-- Data below follows --

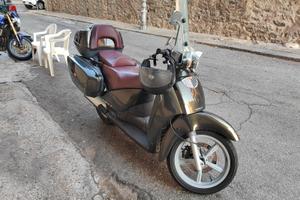 Aprilia scarabeo 150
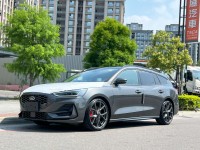 Ford/福特  Focus 《全新領牌車》2024 Ford Focus Wagon ST X 跟新車只差價錢 現省11萬 買這台超划算 原裝進口 | 新北市汽車商業同業公會｜TACA優良車商聯盟｜中古、二手車買車賣車公會認證保固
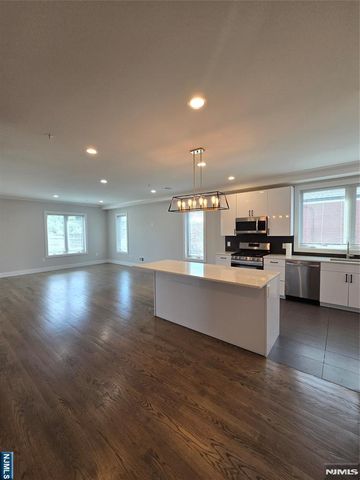 21 Summit Street, Tenafly, NJ 07670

-- Data below concluded --

→ The problem:
Repeat the material exactly, without images.

→ Answer below:
 Aprilia scarabeo 150
 Ford/福特  Focus 《全新領牌車》2024 Ford Focus Wagon ST X 跟新車只差價錢 現省11萬 買這台超划算 原裝進口 | 新北市汽車商業同業公會｜TACA優良車商聯盟｜中古、二手車買車賣車公會認證保固
 21 Summit Street, Tenafly, NJ 07670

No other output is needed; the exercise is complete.